88. Michael Crabtree (ADP: Mid 10th round) -- The 49ers have added three receivers who will all command playing time, and Vernon Davis' role seems likely to increase in Jim Harbaugh's second year. Crabtree finished as the No. 33 fantasy receiver in 2011, and that's roughly his 2012 ceiling.
89. Shonn Greene (ADP: Mid 5th round) -- Greene underwhelms in terms of versatility and talent, and his top-55 ADP suggests fantasy owners are still hoping Greene rediscovers 2009 playoff form. It's not happening. Greene's volume could keep him afloat as a very back-end RB2, but he offers nothing resembling upside and may have suspect job security. We'd encourage you to aim higher.
90. Isaac Redman (ADP: Late 4th round) -- With just over two weeks left before camp, Redman takes the cake as the most overvalued running back according to early ADP. Read more about Redman in my Draft Guide column. If you draft him and he starts out well, be sure to quickly sell him high.
91. Darrius Heyward-Bey (ADP: Late 9th round) -- After breaking down some of Heyward-Bey's 2011 games, I wondered whether his lack of physicality as a receiver would 1) Obstruct his long-term development, and 2) Fit the Raiders' new West Coast scheme. DHB remains an explosive, improving player, and he's a value pick as a WR4/flex option at his current Average Draft Position.
92. Sidney Rice (ADP: Mid 9th round) -- Along with Jahvid Best, Rice is as big of a skill-position injury risk as there is in football, following double offseason shoulder surgeries and three concussions in an 11-month span. He's still worth an eighth-round fantasy stab as a No. 1 receiver on a team that has upgraded at quarterback. Rice can give you WR2/3 production when he's on the field.
93. Felix Jones (ADP: Early 11th round) -- In a standard draft, your starting lineup has been filled by round eight and you're seeking high-upside depth. Jones is a talented backup in an explosive offense behind a starter with lots of injury history. He's an every-week RB2 if Murray goes down.

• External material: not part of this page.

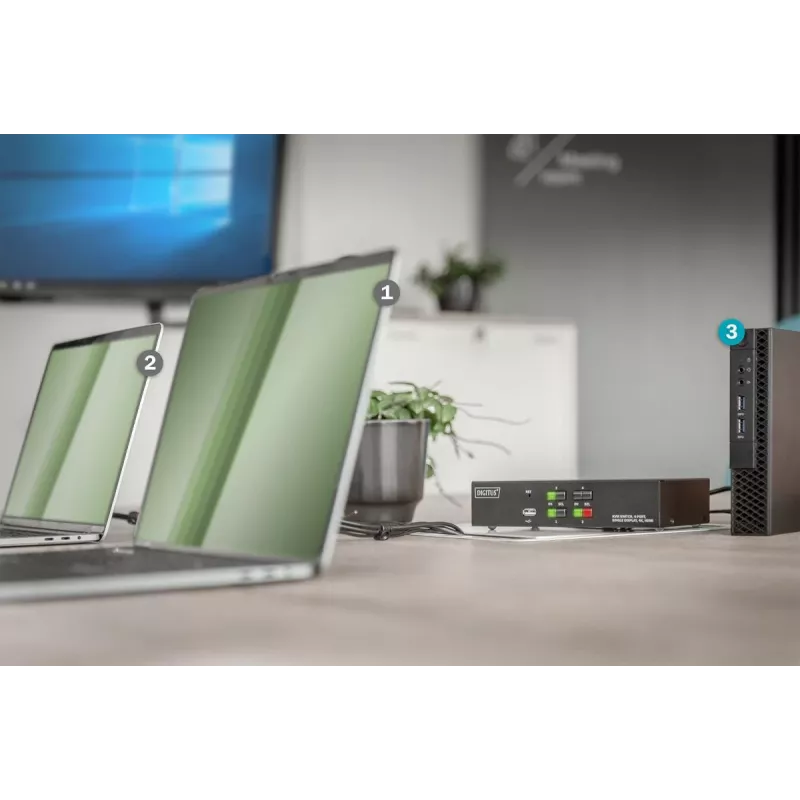 KVM-lüliti Digitus 4 porti ühe ekraaniga 4K HDMI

94. Titus Young (ADP: Mid 8th round) -- Young needs to make a move up the Lions' pass-game pecking order, but he certainly has tools to do so. While he may be a season away from WR3 reliability, Young is destined for some big 2012 games as his snaps and targets inevitably climb.
95. Santana Moss (ADP: Mid 10th round) -- Though Leonard Hankerson put some interesting things on 2011 tape and Josh Morgan was brought aboard this offseason, we like a rejuvenated Moss' odds of winning a starting job. As a slot receiver and flanker, Moss could push for 75-80 catches.
96. Mark Ingram (ADP: Late 8th round) -- Ingram would seemingly be a potential post-hype year value pick, but his fantasy "ceiling" isn't much different from his 2011 pre-injury production. And he's coming off a second knee surgery in three years. He has the look of an up-and-down RB3.